What signific this statistics ?


----------



## DutchDaemon (Jan 5, 2010)

Seems rather self-explanatory ... what don't you understand about it?


----------



## serjaomendes (Jan 5, 2010)

sorry, 

in this case, the speed of interfacew wmw is faster then interface lenke ?

I need lenke have always all bandwith not used and at least 50%
wmw interface at most 50%


----------



## DutchDaemon (Jan 5, 2010)

The statistics only indicate how the queues are being used. The 'pkts' and the 'bytes' counters show how much traffic has been handled by the queues, and the 'packets/s' and 'Kb/s' counters show how much traffic is passing these queues right now. Since both queues are nowhere near full, this will not 'prove' that they will both share the 1Mbit/sec link. If you keep [cmd=]pfctl -sq -vv[/cmd] running for some time, you will see the first two counters rise, and the last two counters will show the current bandwidth usage. When there's a lot of traffic, you should see neither of these queues rise over 500 Kbit/sec. When a queue is full, you will see packets being dropped once there are more than 500 packets waiting to be processed.


----------



## serjaomendes (Jan 5, 2010)

Ok, with TCPDUMP or PF have any way to see the bandwith total used by interface ?


----------



## DutchDaemon (Jan 5, 2010)

[cmd=]netstat -I sis0 1[/cmd] gives you bandwidth comsumption every second. Replace sis0 with rl0 or rl1 for the other interfaces.


----------



## serjaomendes (Jan 5, 2010)

Im comparing traffic in rl0 rl1 and sis0
and the sum of values not equal sis0...

is another way, or tool to easy compare traffic ?


----------



## DutchDaemon (Jan 5, 2010)

sysutils/pfstat is quite useful for all kinds of statistics and graphs, but it is a bit finicky to set up.

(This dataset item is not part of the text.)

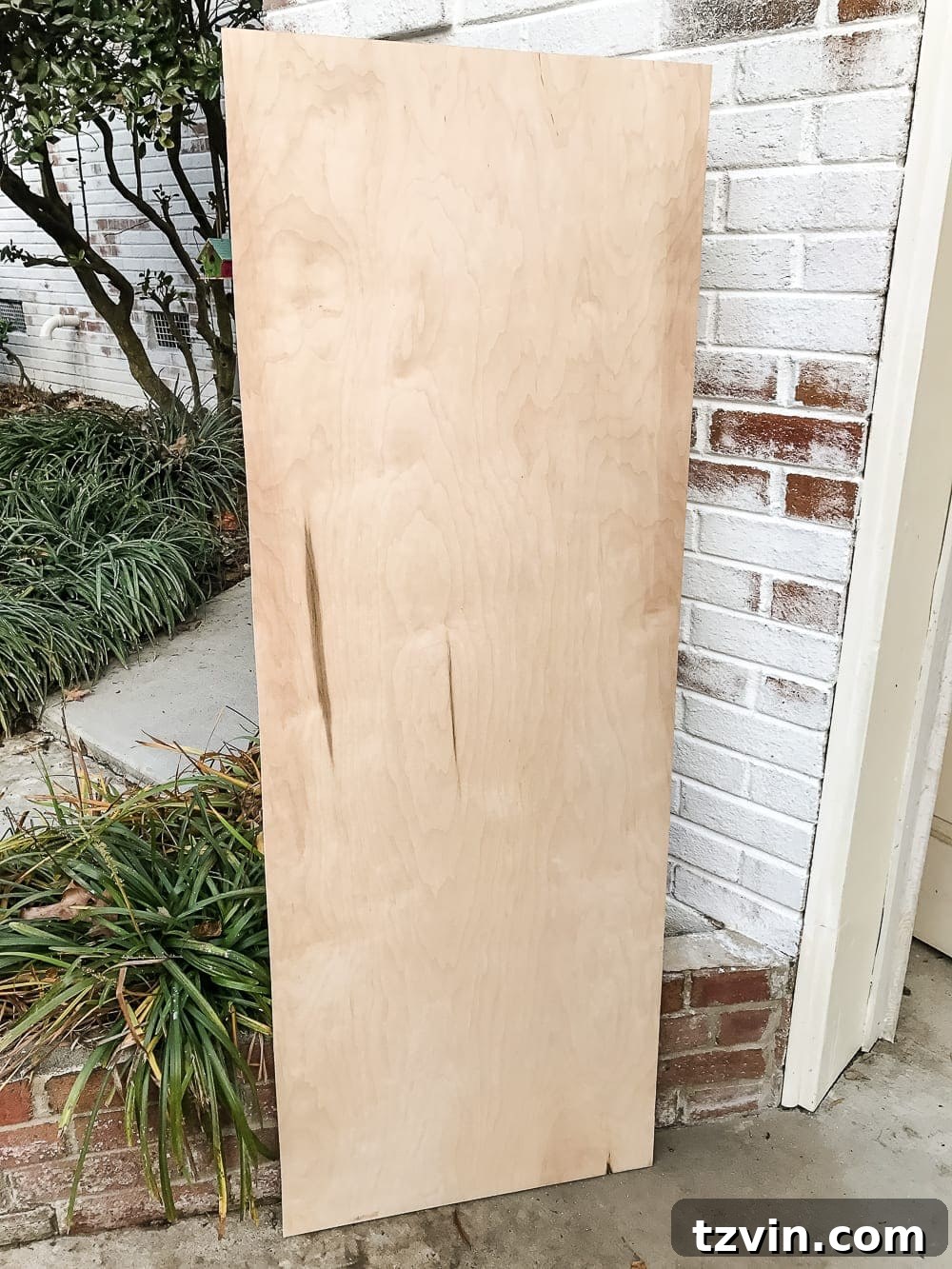 Applying dark wax to seal and antique the furniture base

Another one is net/ntop, but the level of detail it provides is likely overkill.


----------



## serjaomendes (Jan 5, 2010)

Thanks a lot again.

I Haved install cacti, butt show this message when i try to access:

FATAL: Cannot connect to MySQL server on 'localhost'. Please make sure you have specified a valid MySQL database name in 'include/config.php' 

the file include/config.php not exists :S


----------



## DutchDaemon (Jan 5, 2010)

That's an entirely different matter and certainly not on-topic


----------



## serjaomendes (Jan 5, 2010)

ok, thanks again.


----------